A recent study published in Medicina (Kaunas) has highlighted the potential of the platelet-to-lymphocyte ratio (PLR) as a valuable marker for assessing disease activity in patients with ankylosing spondylitis (AS). The study found that PLR, when incorporated into a multivariable model alongside traditional inflammatory markers, independently predicted active disease and improved the ability to discriminate between active and inactive states.
The platelet-to-lymphocyte ratio reflects changes in platelet and lymphocyte counts associated with acute inflammatory and prothrombotic conditions. While widely studied in cancer and other immune-mediated disorders, its role in rheumatic diseases has been increasingly recognized. Large observational studies have suggested that alterations in PLR can provide insight into the severity of systemic inflammation and help predict complications such as infections and related comorbidities.
In this retrospective observational study, researchers analyzed data from 196 patients with AS. Active disease was defined as a Bath Ankylosing Spondylitis Disease Activity Index (BASDAI) score of 4 or higher. The study evaluated demographic variables, laboratory parameters, hematological indices, and extra-articular manifestations. Using LASSO regression with ten-fold cross-validation, key predictors were identified and entered into a multivariable logistic regression model, with performance evaluated using receiver operating characteristic (ROC) curve analysis.
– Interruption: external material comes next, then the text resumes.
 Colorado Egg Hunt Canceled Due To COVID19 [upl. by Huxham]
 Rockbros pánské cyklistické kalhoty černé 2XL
Among the participants, 97 patients (49%) met criteria for active disease. LASSO regression highlighted erythrocyte sedimentation rate (ESR), white blood cell count, red cell distribution width (RDW), PLR, and selected extra-articular manifestations as relevant predictors. In multivariable analysis, ESR, white blood cell count, and PLR were independently associated with active disease, while RDW showed a borderline association. The final model demonstrated good discriminative ability, achieving an area under the curve (AUC) of 0.77.
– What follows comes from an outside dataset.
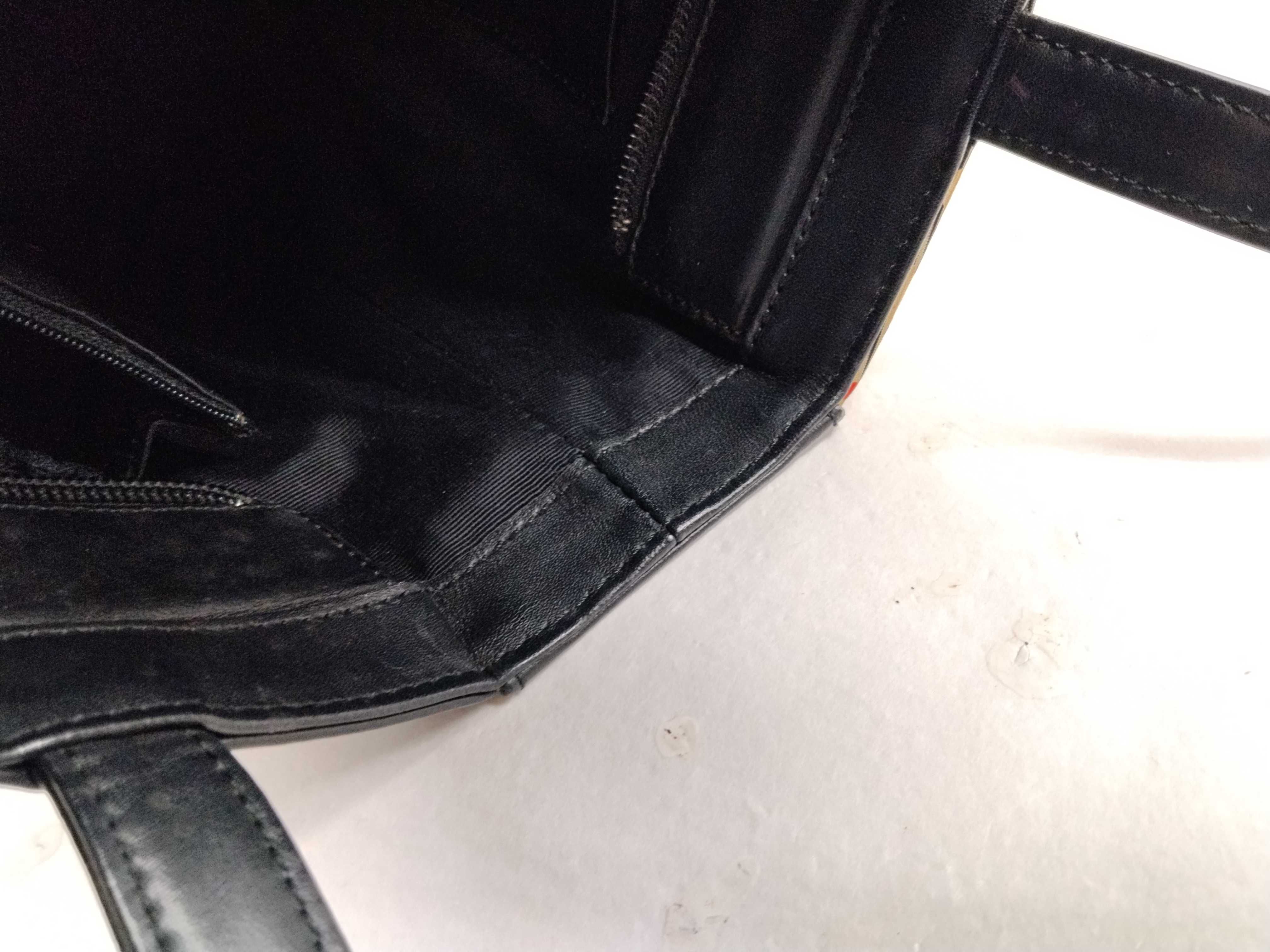 Nova Check Leather Handbag — view 13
Researchers emphasized that PLR, an easily obtainable and inexpensive index derived from routine blood counts, contributed meaningfully to the model and enhanced discrimination between active and inactive disease beyond conventional inflammatory markers alone. This finding supports a complementary role for PLR in routine clinical assessment of AS, particularly given the limitations of acute-phase reactants in consistently reflecting clinical activity in this condition.
The authors noted that while the results are promising, further prospective studies with external validation are needed to confirm the generalizability of these findings. Additionally, formal decision-analytic evaluation would be required before PLR could be fully integrated into clinical decision-making frameworks.
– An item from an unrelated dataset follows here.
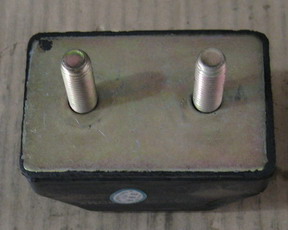 Ensemble de bloc tampon en caoutchouc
Overall, this study suggests that PLR could serve as a practical and cost-effective tool for improving disease activity assessment in ankylosing spondylitis, potentially helping clinicians better tailor treatment strategies and monitor patient outcomes.
References
- Kaymaz-Tahra S, Taşkın C, Tanoglu A. Hematological Indices as Potential Biomarkers of Disease Activity in Ankylosing Spondylitis: LASSO-Based Multivariable Modelling. Medicina (Kaunas). 2026 Mar 6;62(3):497.
- Gasparyan AY, Ayvazyan L, Mukanova U, Yessirkepov M, Kitas GD. The Platelet-to-Lymphocyte Ratio as an Inflammatory Marker in Rheumatic Diseases. Ann Lab Med. 2019 Jul;39(4):345-357.